Henson has been researching a circle of Lloyd’s associates in the Queen City at the turn of the 20th century. “Cincinnati was such a laboratory for interesting, intelligent, eclectic ideas, a place where the sciences met mystical ideas,” he says. Lloyd wasn’t the only gnostic in residence; there was quite a cast of characters. Jirah Dewey Buck, for instance, a homeopathic doctor and authority on Masonic secrets. Buck founded a branch of the Theosophical Society in Cincinnati, which advanced an esoteric belief system that coupled philosophy with theology; at the same time, and somewhat diabolically, he was also a member of the Hermetic Brotherhood of Luxor, a secret order engaged in practical magic that was waging war with the Theosophists.

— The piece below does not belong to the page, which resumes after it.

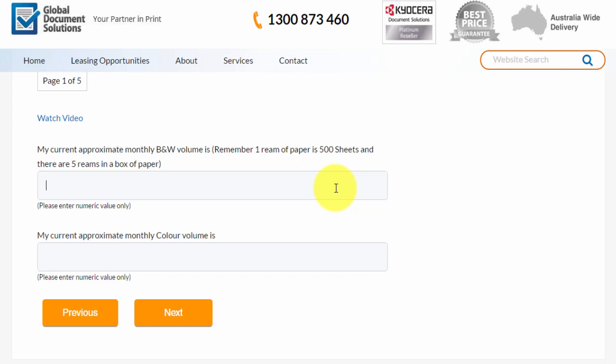So for the sake of the exercise, we'll enter that we're doing 2,000 black prints a month and 500 color. Then just click the next button.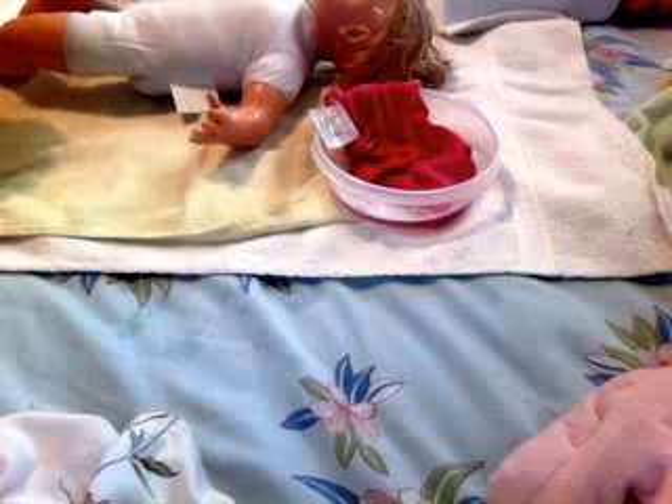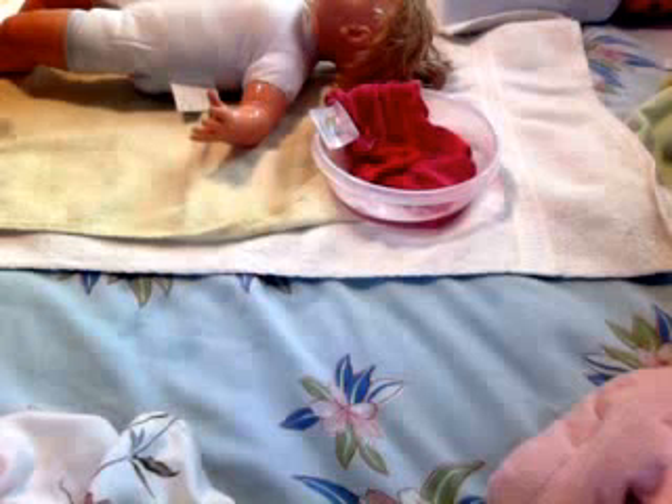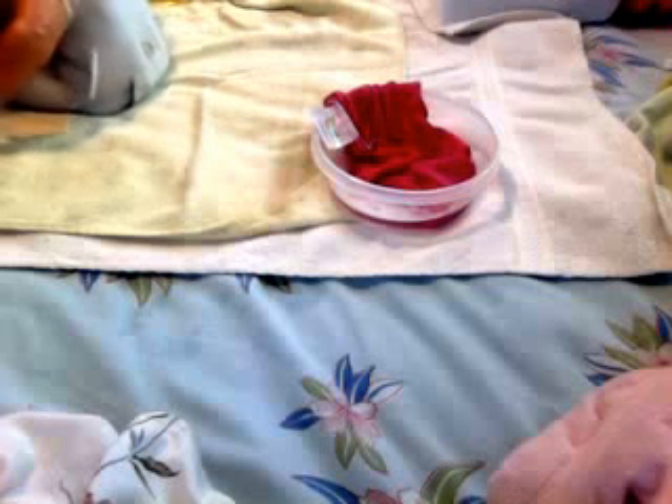I'll just put a drop on. I usually bathe her two days a week. This washes really good — it makes her smell like a real baby, that's why.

It all has the funky atmosphere of an Alan Moore graphic novel waiting to be made. Henson has a placid smile on his face as he lays out a subterranean battlefield in Cincinnati a century ago. To this coterie add Joseph Buchanan, a bearded, crinkly-looking Eclectic practitioner from Covington who was a pioneer in psychometry and an authority in “phrenomesmerism.” (You had better look that up.) A third member of this world, and the most important one to the story of Etidorhpa, was John Augustus Knapp.
According to Henson, Knapp was “a true classic journeyman from the golden age of illustration.” One of Knapp’s projects was illustrating McGuffey’s Reader, one in the series of standard textbooks found in most American grade schools in the 19th and early 20th centuries. You couldn’t get more wholesome than that, but Cincinnati-born Knapp, who went to the McMicken School of Design (now the Art Academy), also illustrated one of the classic mystical texts of the era—Manly P. Hall’s The Secret Teachings of All Ages, a book that spread occult knowledge to new corners and provided a visualization of gods and monsters that filmmakers and album cover designers would rip off for decades to come. Knapp and Hall also designed a set of Tarot cards; The Philosophical Research Society has recently reprinted the deck. Not surprisingly, Knapp was a member of the Theosophical Society, and did many illustrations of mushrooms for Curtis Lloyd. Somehow, he ended up in Los Angeles.
The artist sounds like a true believer: He claimed to have photographed the Kentucky cave that serves as the entrance to the hollow earth in Etidorhpa. Real or not, talking to Henson about these matters, you begin to feel yourself slipping into a dark, forbidden phenomenological maw. He makes an interesting case for this secret Cincinnati, and sees many of its denizens’ concerns intersecting in Etidorhpa.
“A lot of these figures saw science and mysticism as justifying one another—the same way today that New Age spirituality uses Quantum Physics to justify itself,” Henson says. These figures had crossed whatever dotted line exists between being fine upstanding citizens and zealous exponents of esoteric truths. Between sitting in a canoe with Grover Cleveland and lecturing to a class that medicine held in one’s hands could give off healing energy.
That’s what makes John Uri Lloyd so fascinating today: He kept one foot in civil society, and one on the other side. He didn’t lean in one direction or the other; he bestrode the Gilded Age like an anagogical colossus. If Etidorhpa is to be believed, even on its face, we don’t know who he was, really. And if he ever came clean and fully told us, scholars like Henson haven’t found it yet in the tens of thousands of pages at the Lloyd Library.
There is, however, a book. Browning’s Paracelsus and Other Essays was written by Jirah Dewey Buck in 1897, and published in Cincinnati. Musings on Faith and Reason, the book was presented as a gift to Lloyd, and Buck took the time to sign it for his friend. Henson recites it from memory: “To Prof. J. U. Lloyd. A builder in the great work and a devoted servant of the great brotherhood.”